• **INSTRUCTIONS TO FOLLOW**
Word for word, restate the listing that follows and leave out the images.

(INFORMATION PROVIDED)

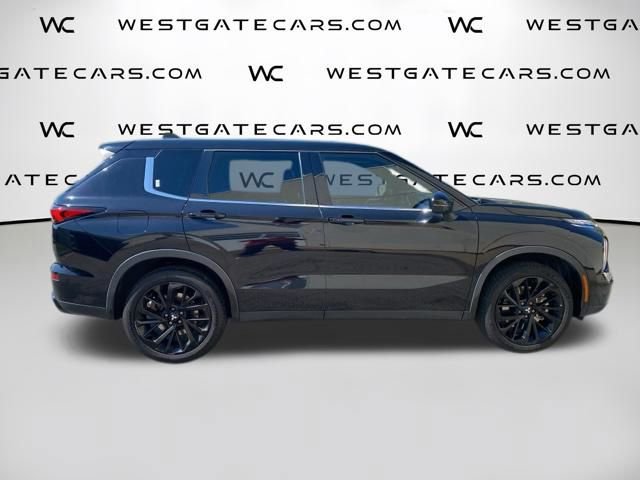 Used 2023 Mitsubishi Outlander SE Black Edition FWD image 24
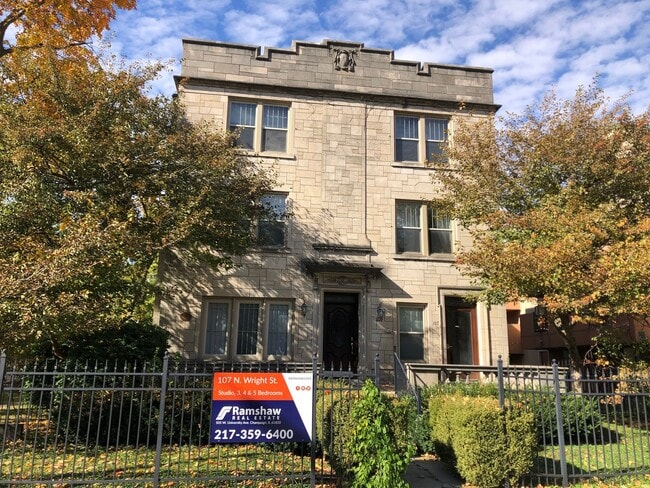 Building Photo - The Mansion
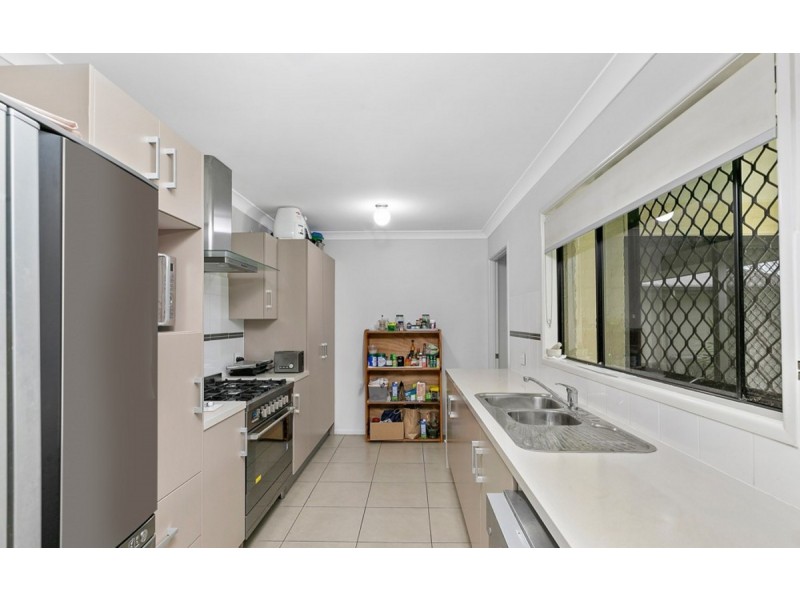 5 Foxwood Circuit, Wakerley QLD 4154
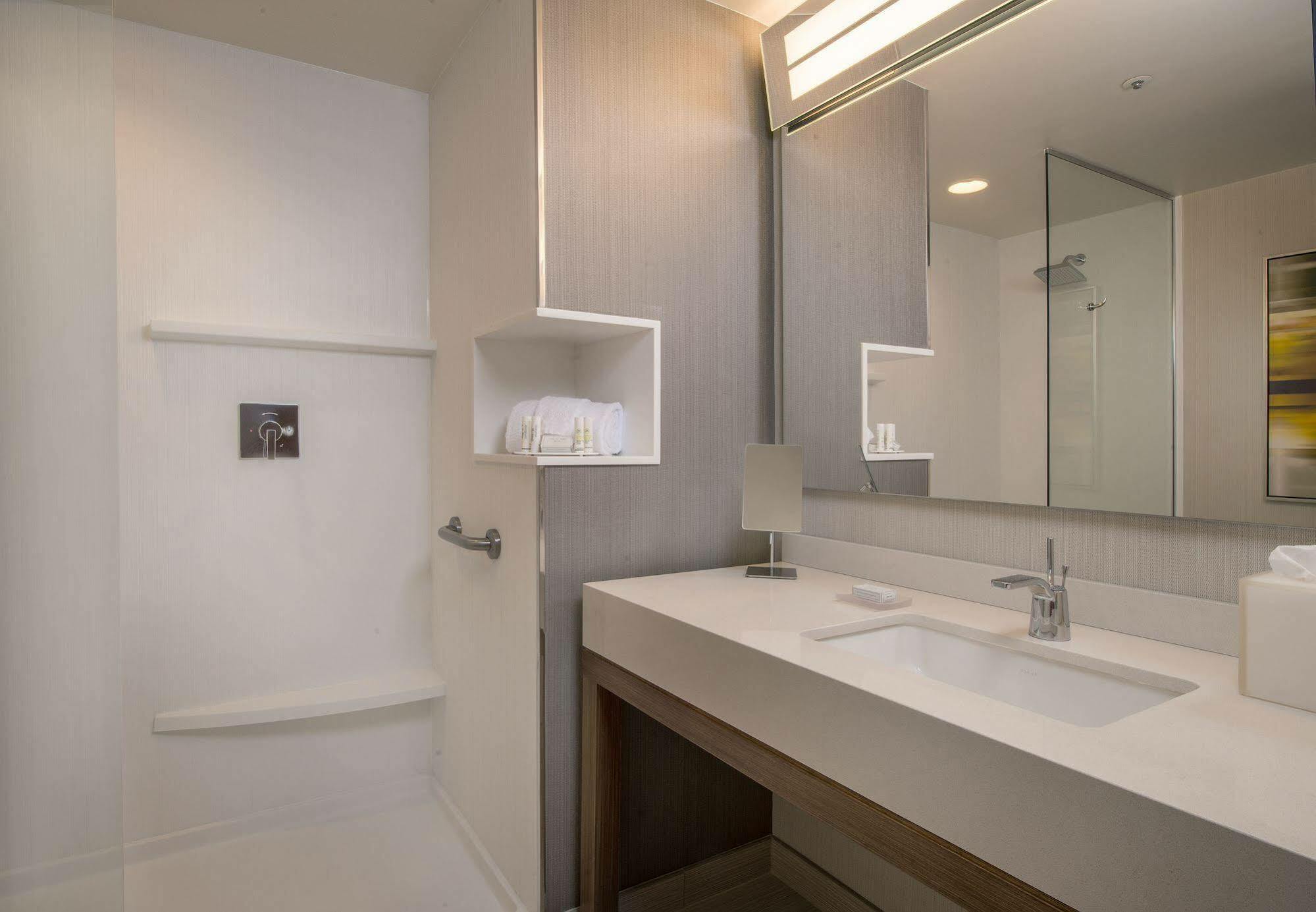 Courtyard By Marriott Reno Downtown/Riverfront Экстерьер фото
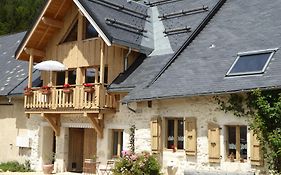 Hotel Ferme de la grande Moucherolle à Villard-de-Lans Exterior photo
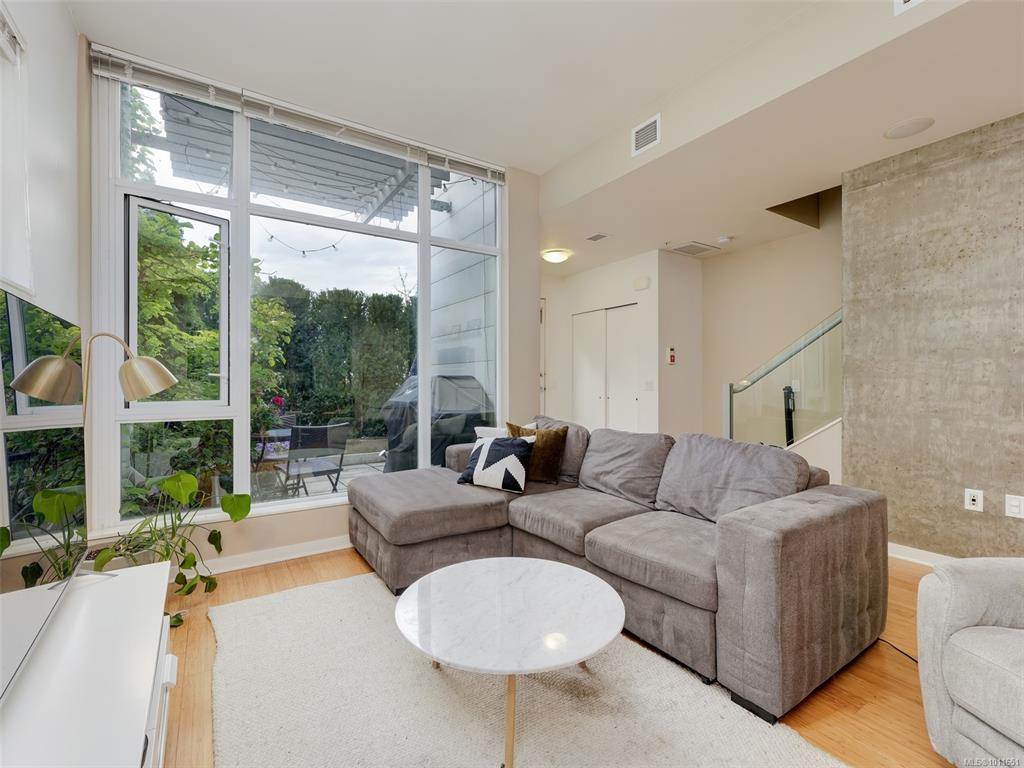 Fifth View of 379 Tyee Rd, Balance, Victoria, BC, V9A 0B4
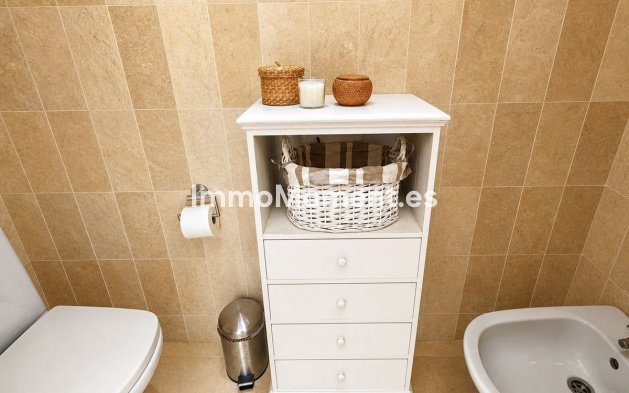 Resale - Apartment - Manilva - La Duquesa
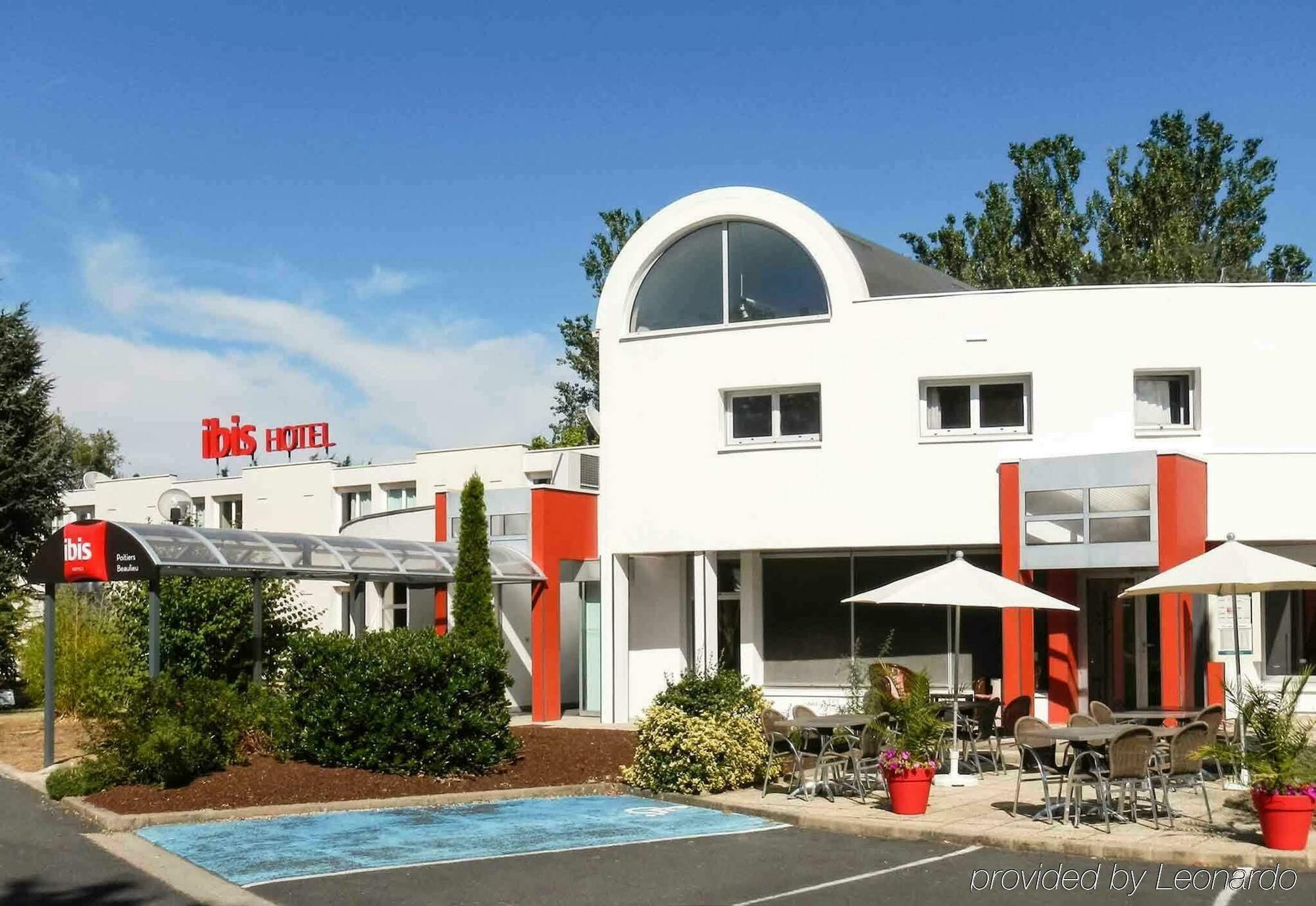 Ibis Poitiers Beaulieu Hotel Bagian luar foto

(End INFORMATION PROVIDED)

• **SOLUTION FOR THIS EXERCISE**
 Used 2023 Mitsubishi Outlander SE Black Edition FWD image 24
 Building Photo - The Mansion
 5 Foxwood Circuit, Wakerley QLD 4154
 Courtyard By Marriott Reno Downtown/Riverfront Экстерьер фото
 Hotel Ferme de la grande Moucherolle à Villard-de-Lans Exterior photo
 Fifth View of 379 Tyee Rd, Balance, Victoria, BC, V9A 0B4
 Resale - Apartment - Manilva - La Duquesa
 Ibis Poitiers Beaulieu Hotel Bagian luar foto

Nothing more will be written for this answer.